◆ **SUPPLIED INFORMATION**:
+-------+
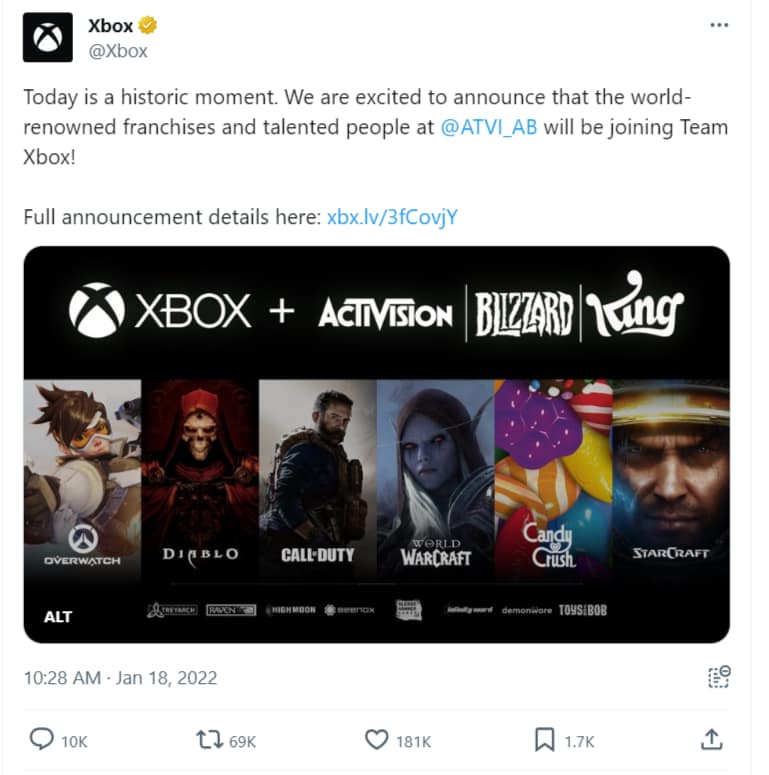 activision acquisition
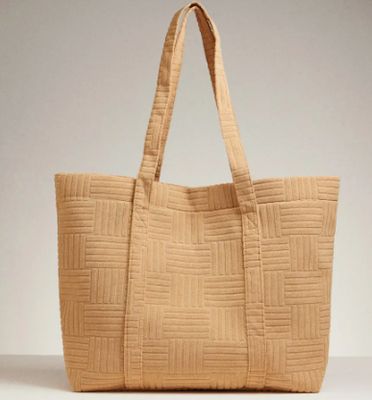 Grid Pattern Tote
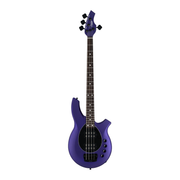 Sterling by Music Man Bongo 4-String Bass Guitar - Firemist Purple Satin Full Front View with HH Pickups and Black Hardware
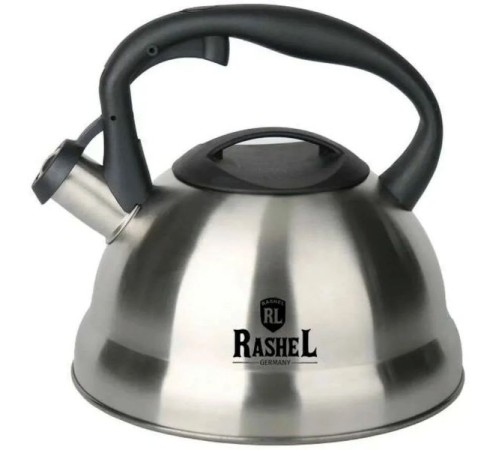 Чайник RASHEL М-7182 3л, нерж. сталь, свисток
+-------+
◆ **WHAT TO DO**: Each line from the one containing "Sterling by Music" through the last line of the data should be written out exactly. Skip the pictures, and add no other lines.

◆ **ANSWER TO THIS TASK**:
 Sterling by Music Man Bongo 4-String Bass Guitar - Firemist Purple Satin Full Front View with HH Pickups and Black Hardware
 Чайник RASHEL М-7182 3л, нерж. сталь, свисток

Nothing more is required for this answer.